Quando algum animal consegue, sempre é motivo de muita emoção e felicidade para todos. Porém, a falta de reflexão sobre essa situação pode nos dar a falsa impressão de problema resolvido, pois, na verdade, isso é só mais uma consequência das rodovias na vida dos animais. E esse problema ainda está muito longe de ser solucionado.
Um número grande de casos de animais resgatados é um sinal ruim, pois esses casos demonstram apenas a ponta do iceberg da problemática de atropelamentos nas nossas estradas, já que a maioria dos animais nem sequer é resgatada e muito menos contabilizada. Essa situação pode nos levar a interferir diretamente no indivíduo, mas na verdade deveríamos interferir nas ameaças daquele ambiente para não ficamos presos em um looping de resgate e soltura, justamente porque a causa que levou o resgate não está solucionada.

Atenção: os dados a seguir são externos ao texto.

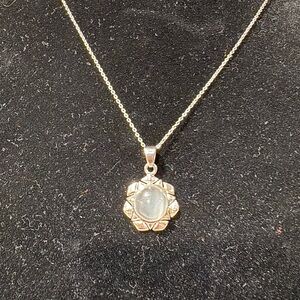Elegant Sterling Silver necklace with Moonstone Pendant approximately 16” chain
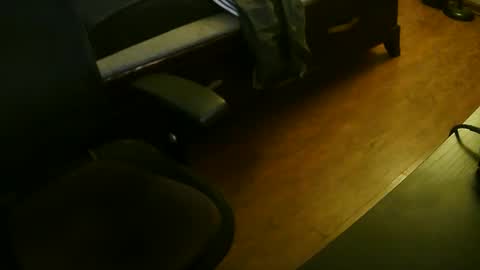 mustenjoyhead79 online show from October 27, 2025, 9:52 pm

Realizar uma soltura de um animal atropelado é um processo extremamente complexo e custoso, que envolve o esforço de diversos profissionais. Em um cenário ideal de resgate e soltura, o animal seria solto em sua área de vida original ou habitat semelhante, as suas ameaças seriam anuladas ou mitigadas e ele seria monitorado por um determinado tempo para confirmar o sucesso dessa soltura. Mas por falta de orçamento, planejamento e excesso de casos nos centros de reabilitações, muitos animais acabam sendo soltos sem um monitoramento adequado e em locais onde possivelmente sofrerão um dano novamente. Pensando só nos danos que podem ser causados por uma rodovia, são poucos os locais que ainda não tenham influência direta ou indireta de uma estrada. Só no Brasil há uma malha viária de 1.526.600 quilômetros.
No olhar popular, principalmente pela mídia, todas as solturas são casos de sucessos. Porém, na maioria dos casos não há comprovação dessa efetividade. Isso acontece pois geralmente não há monitoramento posterior à soltura, o que pode ser frustrante para os profissionais envolvidos, pois é muito esforço para não saber o futuro daquele animal. Do mesmo modo, é também frustrante saber que não deu certo depois de tantos esforços e descobrir que um animal monitorado veio ao óbito por culpa de uma ameaça que poderia ser mitigada.
Enfim, os animais devem continuar sendo resgatados após atropelamentos e é muito importante que os motoristas avisem esse tipo de acidente. Porém, todos nós devemos compreender que a solução do problema não é realizar o resgate e recuperar aquele animal e sim que o atropelamento seja evitado para que esse processo não seja necessário. Pensar nessa questão maior pode mudar muito nas nossas atitudes como cidadãos, desde dirigir com cautela a até a nossa escolha de governo.
Não adianta comemorar a soltura de um animal e continuar dirigindo com irresponsabilidade e votando em pessoas que contribuem para o retrocesso das políticas ambientais, como o desmonte do licenciamento ambiental. Atualmente, estamos construindo um cenário cada vez mais difícil para qualquer espécie sobreviver e temos que agir rápido, tanto como cidadãos quanto como profissionais. É essencial unir diferentes áreas de conhecimento para construímos juntos um país com qualidade ambiental em que o resgate de fauna seja cada vez menos necessário.